Un enfoque de separación 2D exitoso no se limita a la separación de péptido a péptido, sino que también se puede lograr mediante la separación de proteína a péptido. Se han aplicado varios métodos para la primera dimensión, incluida la electroforesis en gel y la RPLC. Un extracto de proteína de Escherichia coli se resolvió con éxito mediante RPLC o electroforesis en gel, y las fracciones posteriores se digirieron y analizaron mediante LC-MS/MS.

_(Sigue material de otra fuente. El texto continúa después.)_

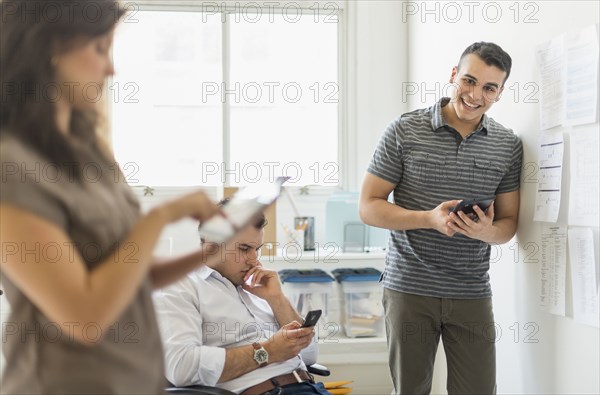 Hispanic business people using technology in office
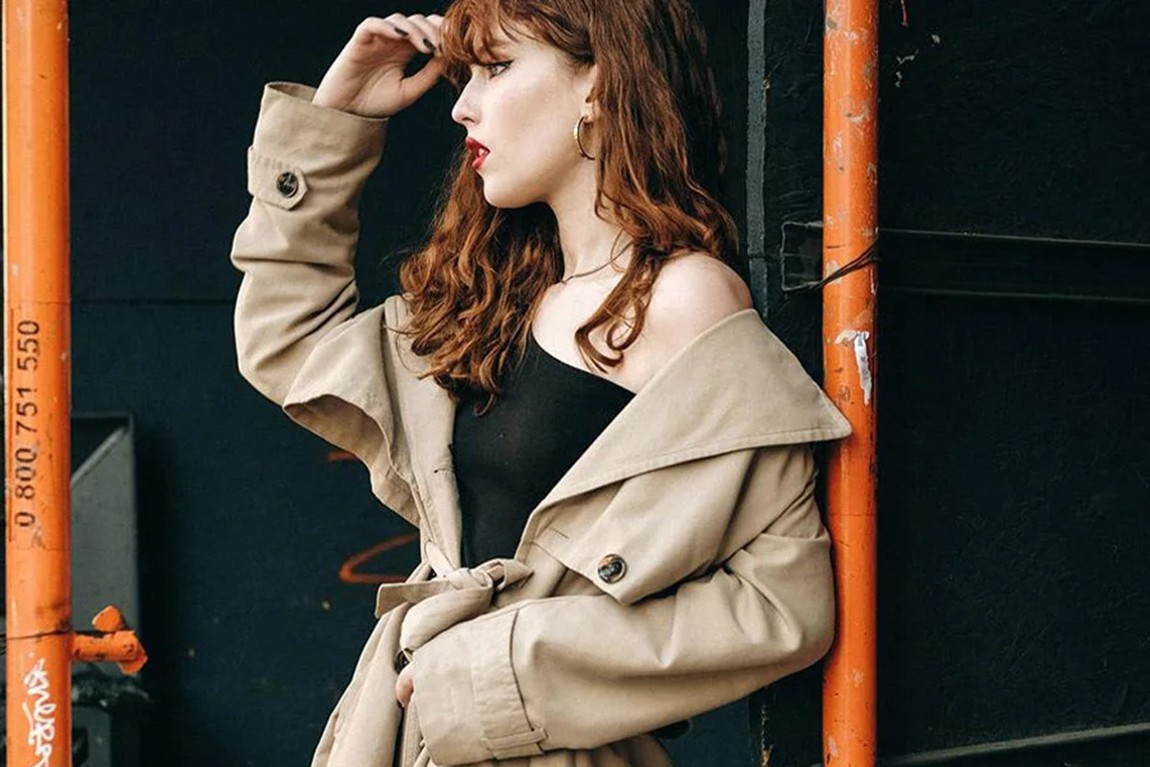 woman-rocking-a-cream-colored-top-coat-outdoors.webp.jpg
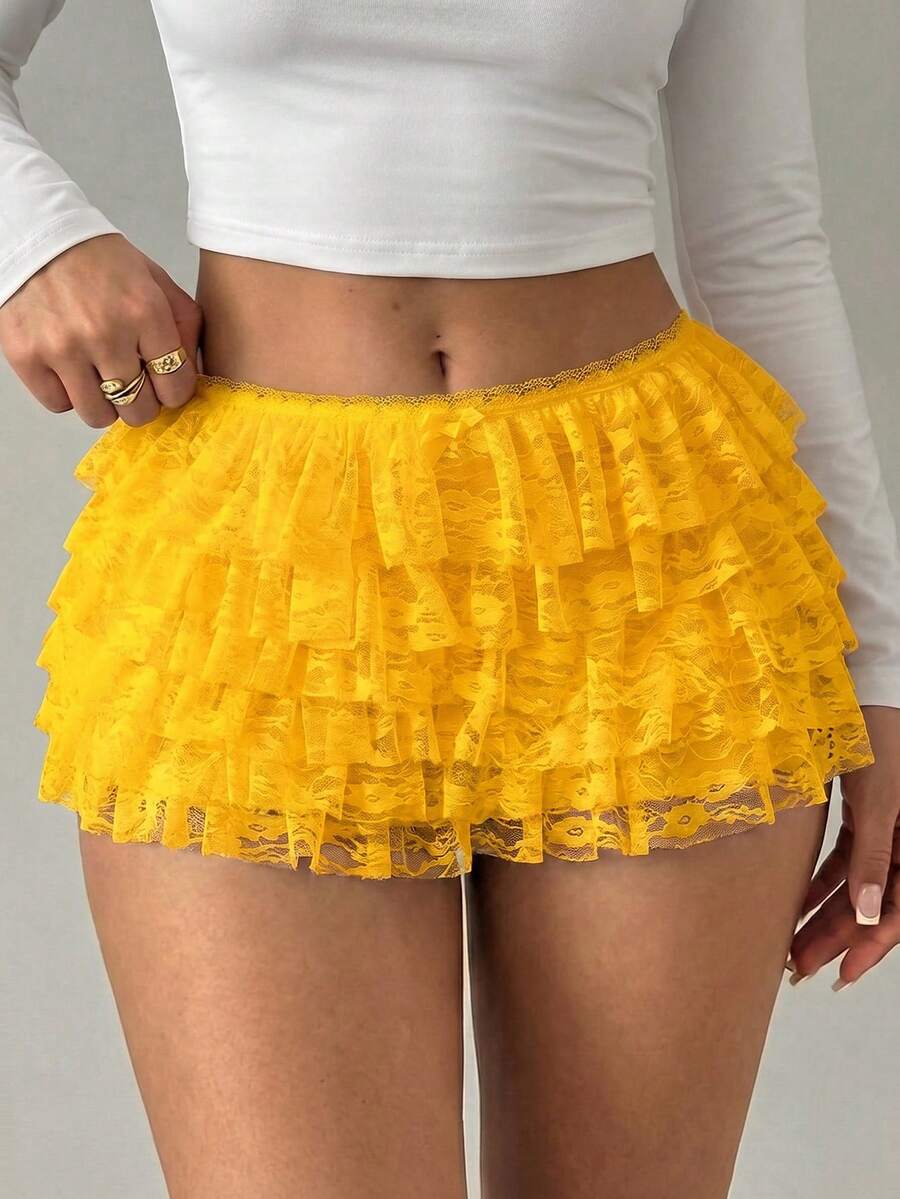 Apricot tiered lace ruffle hem low waist shorts for women featuring elastic waist and lined semi-sheer knit fabric.
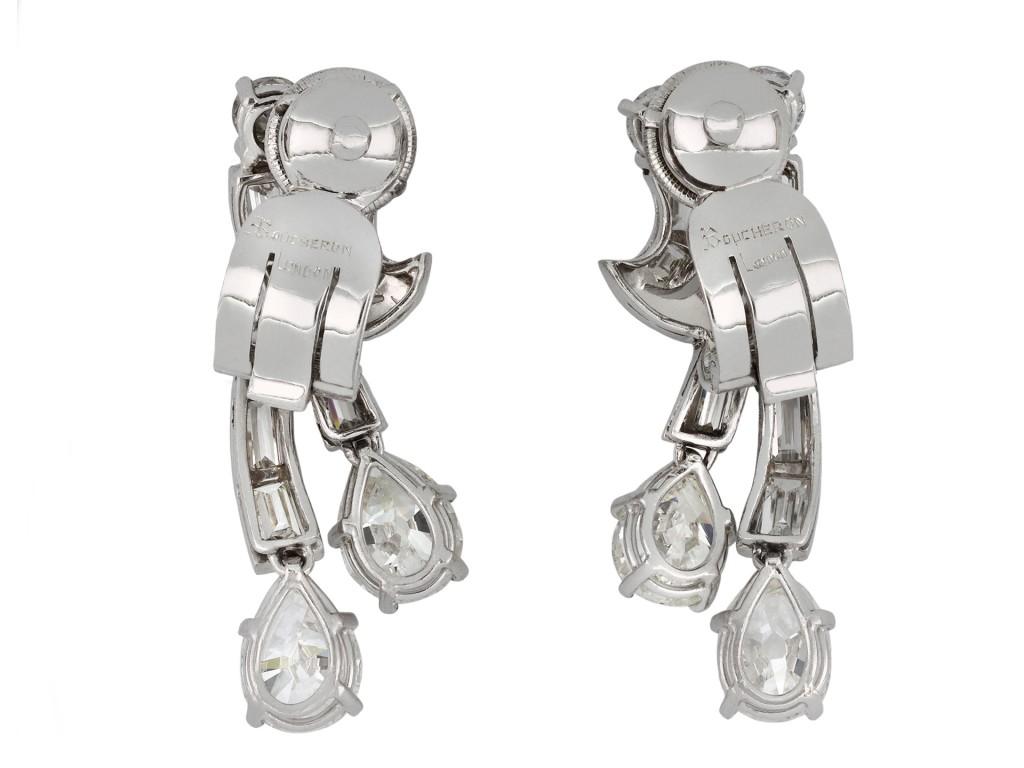 Boucheron diamond clip earrings. A matching pair, each set to bottom with two drop shape old cut diamonds in open back claw settings, four in total with an approximate combined weight of 3.60 carats, set to top with two round transitional cut
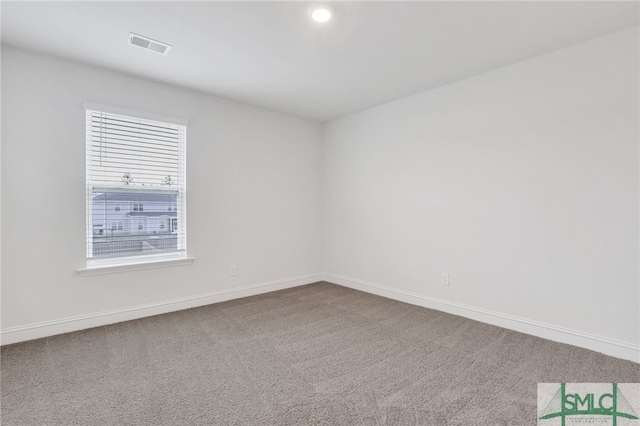 unfurnished room featuring carpet flooring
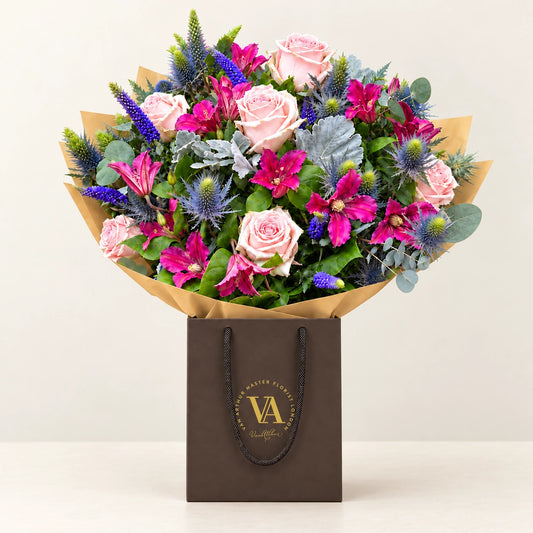 Florence by Van Arthur Master Florist — the bouquet in signature packaging against a quiet backdrop.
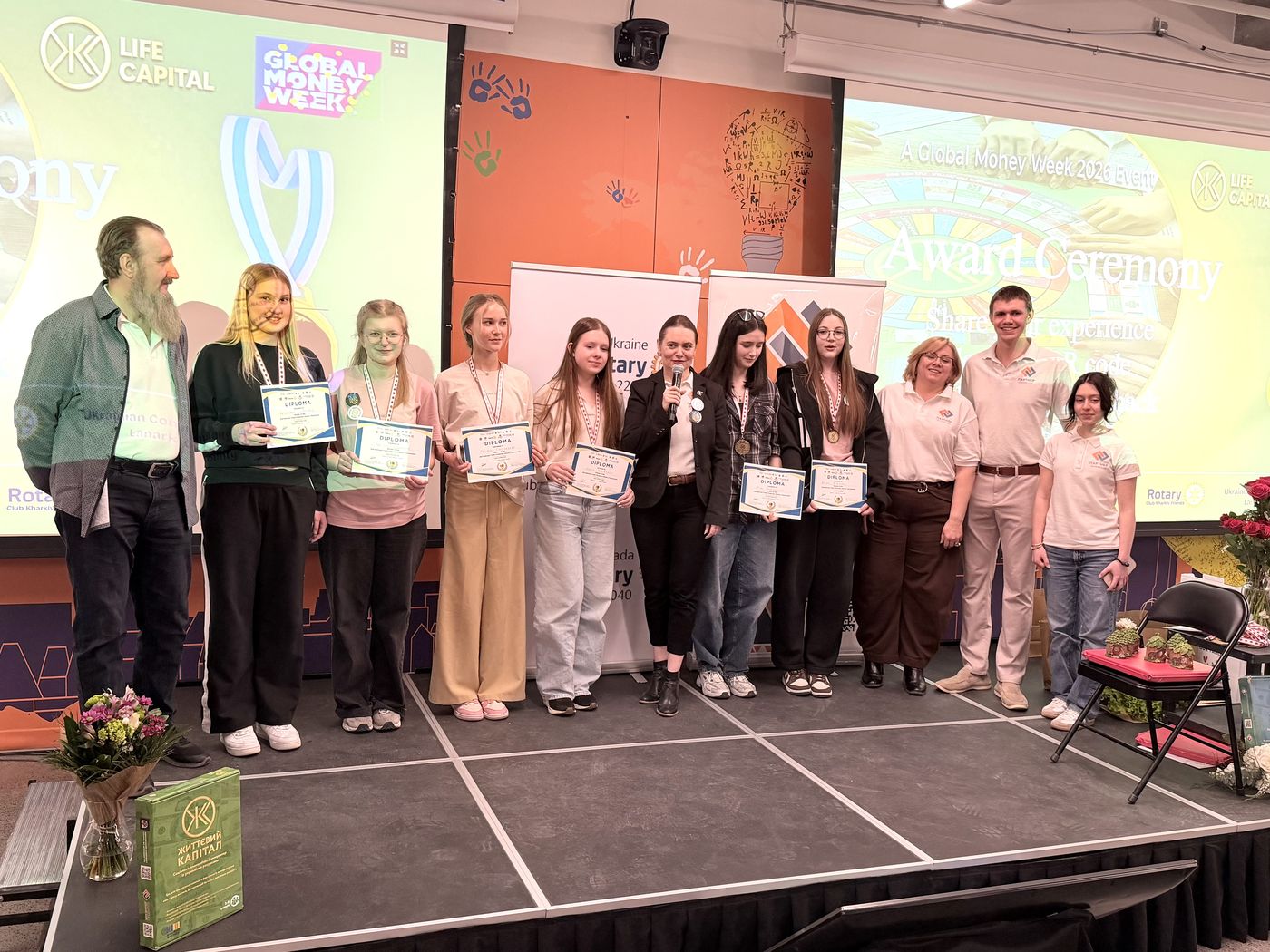 Six participants of the 2nd National Youth Financial Literacy Tournament hold their diplomas on stage at the award ceremony in Ottawa, 14 March 2026, with the organisers beside them.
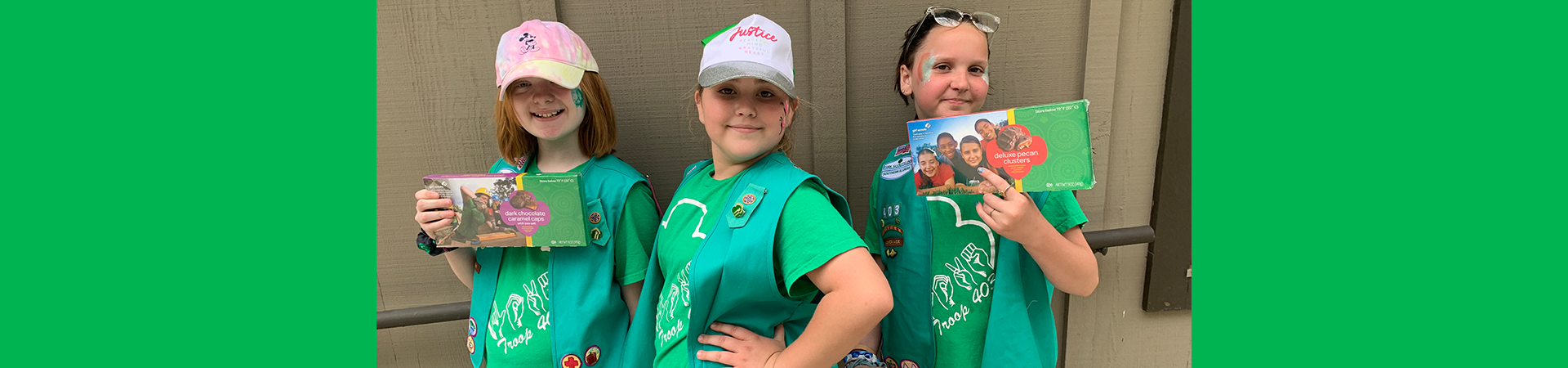  three girl scouts posing with nut and candy products 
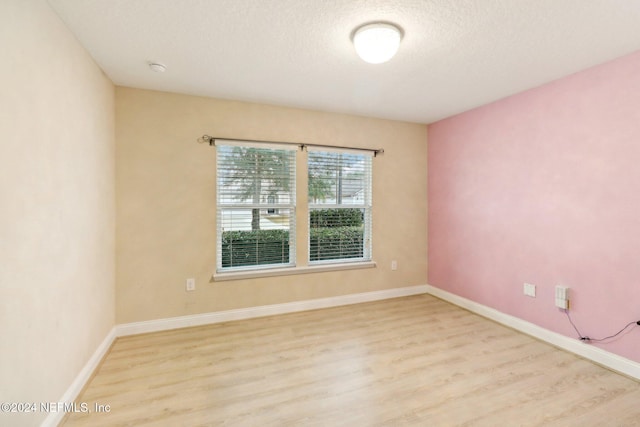 unfurnished room with light wood-type flooring and a textured ceiling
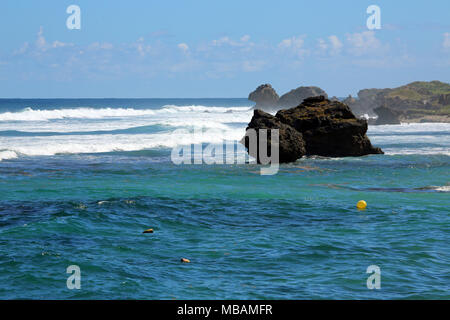 Wellen zwischen den Felsen an der Küste des Karibischen Meeres mit einem gelben Schwimmer im Wasser brechen Stockfoto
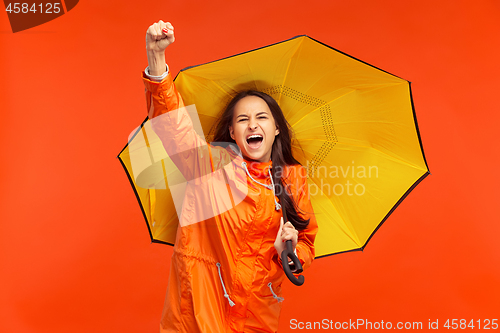 Image of The young girl posing at studio in autumn jacket isolated on red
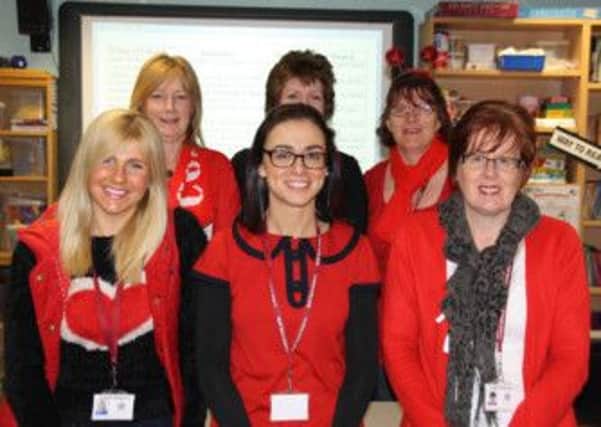 Ladies in red: From left, back Hazel Critchley, Debbie Rhodes, Alison Daniel, front Sarah Smith, Michelle McGrath and Sandra Fagan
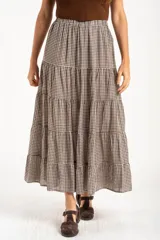 Falda larga de corte evasé con diseño de cuadros vichy en tonos marrón y blanco. Presenta una cintura elástica y un diseño de tres volados horizontales que aportan volumen y movimiento.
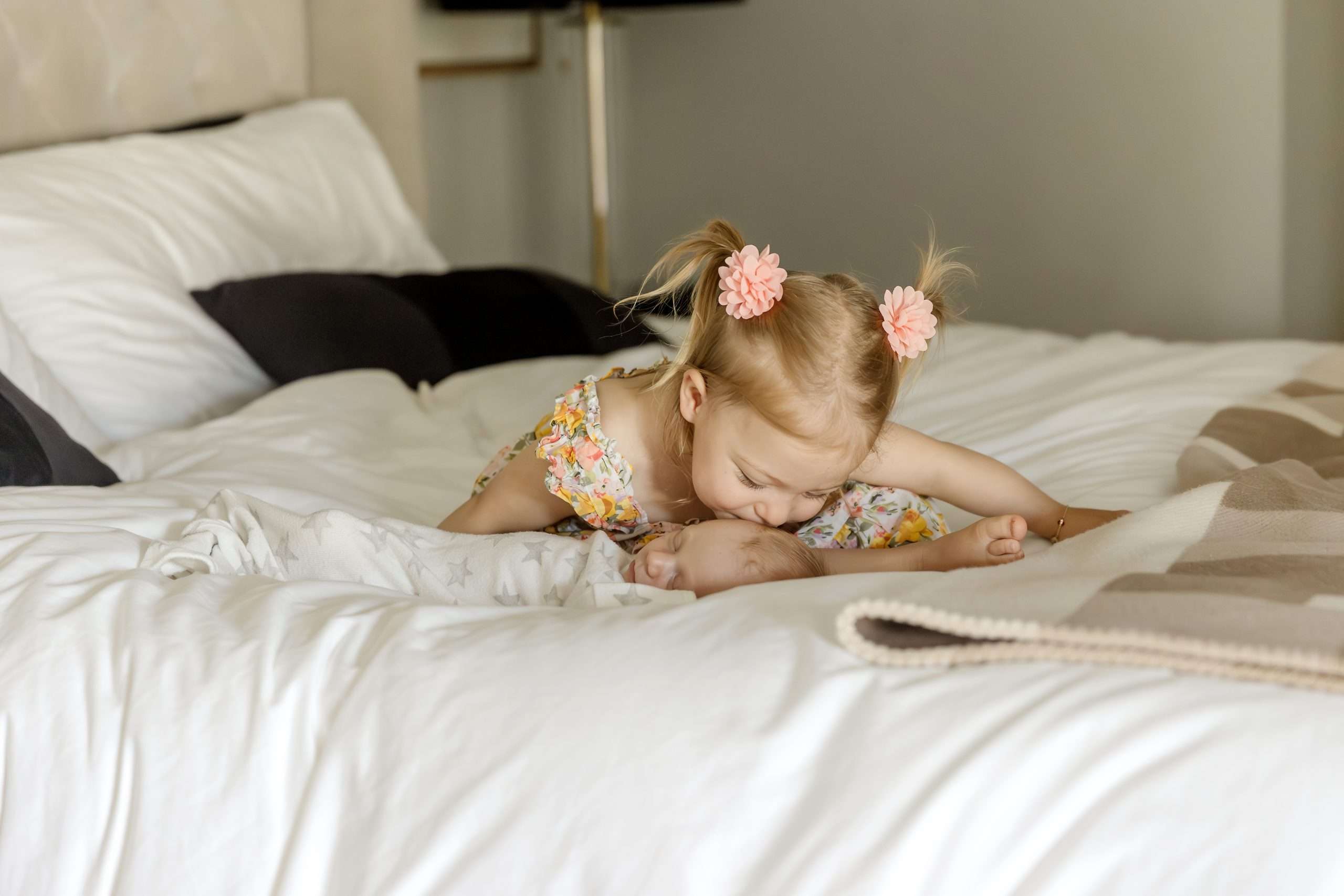 big sister kissing little baby brother on bed for newborn photos in edina mn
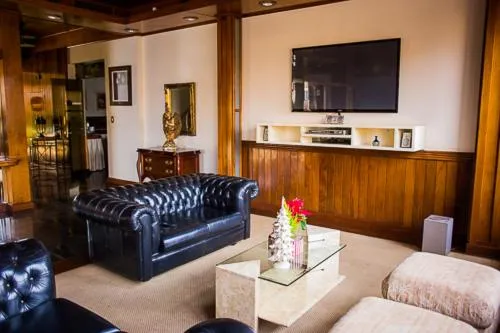 Communal lounge/ TV room in Hotel Marques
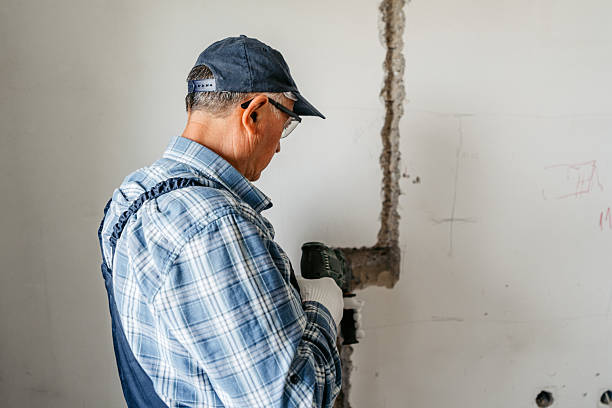 istock Senior Male Worker Drilling The Wall In An Empty Apartment Under Renovation 2222391472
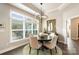 Bright dining room with a modern chandelier and a large window overlooking the outdoor patio at 15103 Honeycutt Dr, Huntersville, NC 28078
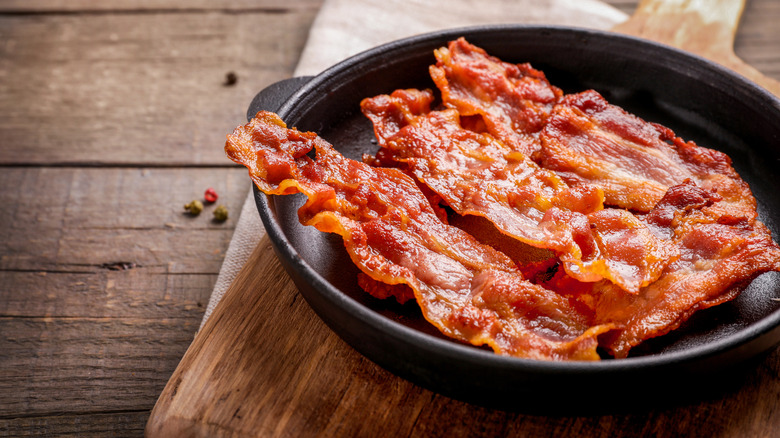 Bacon strips in a skillet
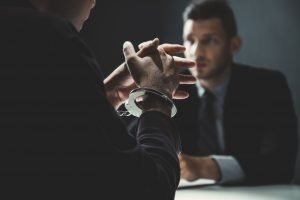 Investigator faces suspect in interview room while suspect back to the viewer and wears handcuffs, JAGMAN investigation, IG Investigation, 15-6 Investigation, OSI Investigation, NCIS Investigation, CID Investigation; find an AR 15-6 investigation lawyer; Find a JAGMAN Investigation lawyer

Los enfoques en línea dan como resultado menos manejo de muestras, menos pérdida de muestras y, en algunos casos, consumen menos tiempo. Por otro lado, requieren configuraciones integrales con más bombas, válvulas, trampas y fases móviles compatibles con MS (o extensos pasos de lavado entre la primera y la segunda dimensión). Los enfoques off-line son más simples de implementar, menos estrictos en la compatibilidad de la fase móvil, permiten la modificación química entre la primera y la segunda dimensión y también son más flexibles.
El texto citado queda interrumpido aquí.